En esta carrera hacia la nostalgia, es un misterio para los extranjeros el milagro de mantener autos cuyas piezas ya nadie fabrica. Aparte del ángulo utilitario de los taxistas, la realidad es que los aficionados atienden sus coches como a una especie de criatura, una “niña linda”, como dicen los cubanos.

“Rastreo depósitos y cementerios de carros –afirma Antonio, uno de los fundadores- y en el club nos ayudamos para saber quién tiene la pieza que necesitamos”- explica, mientras conduce orgulloso su enorme Cadillac 59, cual ballena en una corriente de autos compactos. “El auto es mi esposa –sonríe- las otras mujeres, mis amantes.” Bromas aparte, estos entusiastas también viven una especie de desafío, en un país que durante seis décadas no ha recibido una sola pieza de repuesto desde Detroit.

Eduardo, “taxista a domicilio” como gusta llamarse, posa orgulloso junto a su Ford 57 Fairlane 500. “Ocho cilindros en V, periodista, ningún auto de ciudad de ahora tiene esa potencia.”

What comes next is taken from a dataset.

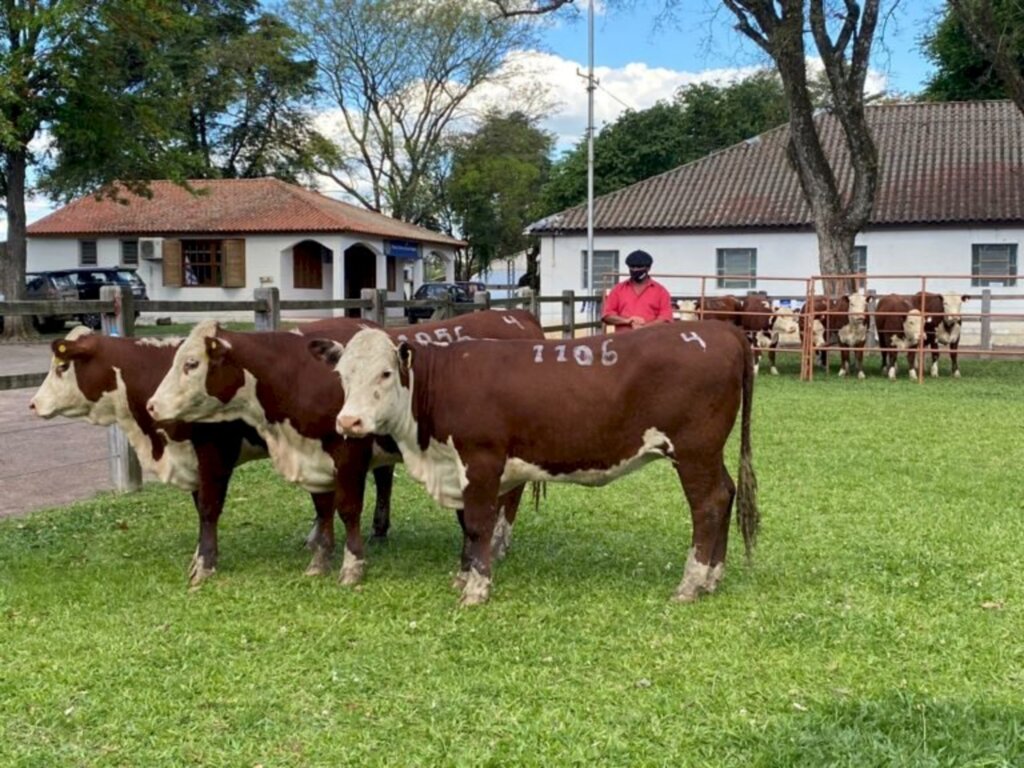 Estância bageense é premiada em Dom Pedrito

Varias veces al año, decenas de miembros del Club Autos Clásicos conducen sus coches por el Malecón hacia la bahía de La Habana. Fundado en 1903 como el Havana Automobile Club, de la alta burguesía habanera, desapareció por en 1960 y fue revivido en 1998, con la colaboración de entidades turísticas para promocionar a los dueños de esos autos excelentemente conservados.

“Y también para divertirnos”- dice Alberto, guiñando un ojo-, y efectivamente, cuando la caravana cruza por el Malecón, frente al faro del Morro, es un espectáculo digno de verse el de esas joyas de la ingeniería y la supervivencia.

Concluyo esta crónica de viaje como pasajero en un Ford Corvette 59, brillante como nuevo. La tarde agoniza suavemente, como negándose a morir en el vientre de la noche, y el sol tiñe de rojo las aguas del Caribe. El motor ronronea suavemente, al paso de los clásicos que suenan claxons y bocinas mientras los choferes saludan sonrientes. Flota en el ambiente un aire de tiempo congelado que matiza el ocaso con su cualidad casi mágica.

Entonces parece que por un instante Cuba y Estados Unidos se están comunicando. Obama debería haber vivido este momento.

Cadillac Bonneville de 1959, como cuando salió de fábrica.

 

Un comentario sobre “Rodar hacia la nostalgia: autos clásicos en Cuba

  • El Cadillac Bonneville de 1959 en la ultima foto no es un Cadillac; es un Pontiac.